The programme is taught completely in English, with a focus on South-East and Central-East European Countries (SEE-CEE), comprising together four semesters and making it into the CHE-Ranking as number 8 out 12 best Master’s degree programmes of the 2014/2015 academic year.
Why did you want to study abroad?Ever since my first experience abroad as an Erasmus student three years ago, I developed a strong flair for internationalism and cultural awareness. The broad range of ideas, level of energy and fast pace of change that stem out of these multi-cultural places, also referred to as “melting pots”, are amazing, beyond description. The lessons learned are invaluable. Therefore, it was natural for me to get back into this kind of environment, to develop myself both personally and professionally.

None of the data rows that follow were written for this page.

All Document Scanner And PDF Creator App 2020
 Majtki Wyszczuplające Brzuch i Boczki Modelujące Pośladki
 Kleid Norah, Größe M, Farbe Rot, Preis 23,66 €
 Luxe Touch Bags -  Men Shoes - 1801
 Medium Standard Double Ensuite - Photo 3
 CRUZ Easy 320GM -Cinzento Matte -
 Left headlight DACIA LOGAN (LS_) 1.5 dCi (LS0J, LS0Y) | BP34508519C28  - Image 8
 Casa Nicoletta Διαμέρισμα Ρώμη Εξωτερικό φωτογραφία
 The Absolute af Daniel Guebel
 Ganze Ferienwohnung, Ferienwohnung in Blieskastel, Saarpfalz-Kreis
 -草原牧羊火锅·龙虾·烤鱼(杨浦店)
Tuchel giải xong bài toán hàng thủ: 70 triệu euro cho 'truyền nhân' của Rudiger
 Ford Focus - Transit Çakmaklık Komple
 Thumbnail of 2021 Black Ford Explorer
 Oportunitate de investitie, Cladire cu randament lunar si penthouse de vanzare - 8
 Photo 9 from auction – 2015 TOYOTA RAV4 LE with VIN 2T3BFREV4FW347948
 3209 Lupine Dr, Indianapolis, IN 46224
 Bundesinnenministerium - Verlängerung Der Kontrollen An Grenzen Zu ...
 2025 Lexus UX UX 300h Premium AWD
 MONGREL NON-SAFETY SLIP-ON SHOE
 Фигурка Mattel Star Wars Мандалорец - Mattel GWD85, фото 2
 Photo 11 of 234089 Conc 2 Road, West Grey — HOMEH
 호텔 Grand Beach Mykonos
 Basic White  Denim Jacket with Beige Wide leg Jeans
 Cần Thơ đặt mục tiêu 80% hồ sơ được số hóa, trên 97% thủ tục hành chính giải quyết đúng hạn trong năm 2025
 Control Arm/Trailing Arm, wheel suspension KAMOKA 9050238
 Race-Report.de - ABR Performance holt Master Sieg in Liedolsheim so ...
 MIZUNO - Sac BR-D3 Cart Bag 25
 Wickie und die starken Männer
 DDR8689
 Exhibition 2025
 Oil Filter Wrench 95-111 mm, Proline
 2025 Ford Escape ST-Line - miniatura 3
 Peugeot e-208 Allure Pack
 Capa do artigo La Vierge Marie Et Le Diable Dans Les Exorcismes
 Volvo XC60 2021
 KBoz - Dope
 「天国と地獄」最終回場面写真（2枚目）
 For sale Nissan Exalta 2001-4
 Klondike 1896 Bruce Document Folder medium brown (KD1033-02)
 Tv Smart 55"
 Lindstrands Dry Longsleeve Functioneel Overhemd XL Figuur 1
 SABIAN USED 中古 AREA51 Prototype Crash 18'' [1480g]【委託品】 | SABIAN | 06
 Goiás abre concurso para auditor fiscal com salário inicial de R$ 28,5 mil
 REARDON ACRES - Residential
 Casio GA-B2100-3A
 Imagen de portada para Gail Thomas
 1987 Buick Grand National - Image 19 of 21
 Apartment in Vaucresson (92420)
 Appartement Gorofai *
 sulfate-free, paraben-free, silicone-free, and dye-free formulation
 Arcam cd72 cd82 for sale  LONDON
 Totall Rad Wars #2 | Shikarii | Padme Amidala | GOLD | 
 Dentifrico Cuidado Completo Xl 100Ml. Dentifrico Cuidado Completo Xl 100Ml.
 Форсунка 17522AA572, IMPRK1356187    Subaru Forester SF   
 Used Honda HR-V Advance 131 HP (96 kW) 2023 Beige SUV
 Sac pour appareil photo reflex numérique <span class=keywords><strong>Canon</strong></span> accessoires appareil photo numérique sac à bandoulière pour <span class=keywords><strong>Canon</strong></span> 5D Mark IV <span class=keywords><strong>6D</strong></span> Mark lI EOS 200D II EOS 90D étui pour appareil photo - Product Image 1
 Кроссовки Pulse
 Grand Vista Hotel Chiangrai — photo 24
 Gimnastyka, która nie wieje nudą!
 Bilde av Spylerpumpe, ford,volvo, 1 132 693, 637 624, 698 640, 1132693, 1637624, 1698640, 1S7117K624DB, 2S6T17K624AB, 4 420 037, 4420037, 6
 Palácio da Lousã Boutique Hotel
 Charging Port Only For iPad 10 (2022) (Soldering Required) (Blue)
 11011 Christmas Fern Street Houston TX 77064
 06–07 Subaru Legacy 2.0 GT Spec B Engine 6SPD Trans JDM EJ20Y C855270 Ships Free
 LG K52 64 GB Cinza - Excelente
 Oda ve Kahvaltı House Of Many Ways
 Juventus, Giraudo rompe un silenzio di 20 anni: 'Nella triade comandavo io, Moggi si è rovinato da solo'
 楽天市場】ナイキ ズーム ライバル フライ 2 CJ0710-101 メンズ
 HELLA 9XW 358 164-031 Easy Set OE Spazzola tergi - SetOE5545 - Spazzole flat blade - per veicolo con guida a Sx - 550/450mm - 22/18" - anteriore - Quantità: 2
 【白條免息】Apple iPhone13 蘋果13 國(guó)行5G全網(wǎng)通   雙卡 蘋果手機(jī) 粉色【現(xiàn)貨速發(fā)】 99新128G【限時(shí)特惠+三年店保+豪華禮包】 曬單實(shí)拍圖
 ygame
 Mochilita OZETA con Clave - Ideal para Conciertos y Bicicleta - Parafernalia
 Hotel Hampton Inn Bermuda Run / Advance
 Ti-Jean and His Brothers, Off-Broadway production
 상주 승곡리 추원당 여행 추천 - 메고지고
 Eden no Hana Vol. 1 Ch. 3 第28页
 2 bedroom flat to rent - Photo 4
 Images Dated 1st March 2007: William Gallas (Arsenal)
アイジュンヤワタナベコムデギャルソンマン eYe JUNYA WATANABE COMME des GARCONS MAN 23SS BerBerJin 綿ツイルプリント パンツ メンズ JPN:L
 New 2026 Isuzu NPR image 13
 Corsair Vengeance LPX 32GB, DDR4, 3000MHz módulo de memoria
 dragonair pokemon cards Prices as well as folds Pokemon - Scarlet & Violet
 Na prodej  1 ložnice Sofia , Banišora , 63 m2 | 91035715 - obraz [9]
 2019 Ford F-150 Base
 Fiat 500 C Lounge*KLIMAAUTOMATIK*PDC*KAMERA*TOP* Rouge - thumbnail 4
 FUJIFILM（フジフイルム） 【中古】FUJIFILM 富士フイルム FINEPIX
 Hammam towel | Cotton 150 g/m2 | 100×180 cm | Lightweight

Did you find your study programme on Studyportals? How did Studyportals help you in your decision process?Studyportals was my corner stone platform for searching courses. The advanced search is really useful as it gave me the option to navigate and compare through different types of Masters, according to specific criteria, such as costs, requirements and so on. Too bad I couldn’t find a scholarship through them. Would have been helpful. Nevertheless, the website is a game changer indeed.
Deciding for a university
What were your main priorities when choosing your university and your programme (e.g. academics, accommodation, university services & facilities, personal & professional development, city & culture, cost & funding, practicalities, social life)?My main priority was academics. I wanted to acquire a M.Sc. in international management in order to have a better understanding of how to better lead people from different cultures and how to successfully manage innovation processes that span across more than two countries. Language was decisive too. I am fluent in German and I wanted to leverage this skill into my personal interest, especially when it came down to working. Consequently, I was able to have several small jobs and make some pocket money in between studying. Not to mention that I’ve been living in Austria as an Erasmus student before, so I knew more or less about the culture and its peculiarities.
Finally, costs had to be taken into account as well. Even though not quite cheap, a rent in Austria (~ 250-300 EUR/room) is definitely more affordable than in Scandinavia, the Netherlands or Italy, for instance.
Was this your first study choice? What other universities did you consider? What was the main reason of your final choice?Unfortunately not. My first study choice was Humboldt University in Berlin, but I applied too late. My bad, I take full responsibility for it. My second choice was Johannes Gutenberg University in Mainz. I succeeded in passing through the 1st stage, but I didn’t pass the 2nd one as I didn’t fulfill the GPA criteria (1,3 was required; I had a 1,7). Alpen-Adria University was my final choice, and I was glad that I got accepted. I really wanted to go abroad for my Master’s degree, no matter what. This programme would become my “ticket”.
Did you know from the start that you wanted to study in that particular country and city? Why did you choose for this particular location?
Austria was definitely not my first choice, but it was on the list, alongside the Netherlands and Sweden. Germany was my #1 priority, because it had and still has top R&D capabilities and a strong start-up/entrepreneurship network and mentality. Berlin was representative in this sense. However, since I missed the enrollment date, and was not accepted in Mainz, I wanted to study in Austria.
Graz didn’t have a programme taught in English, so I decided for Klagenfurt, which was not too far away from it. And yes, you might ask yourself why didn’t I do my Master’s in German? I wanted to have a global education and since most of the scientific papers and innovations come largely written, detailed and tinkered in English, this had to be the language of choice.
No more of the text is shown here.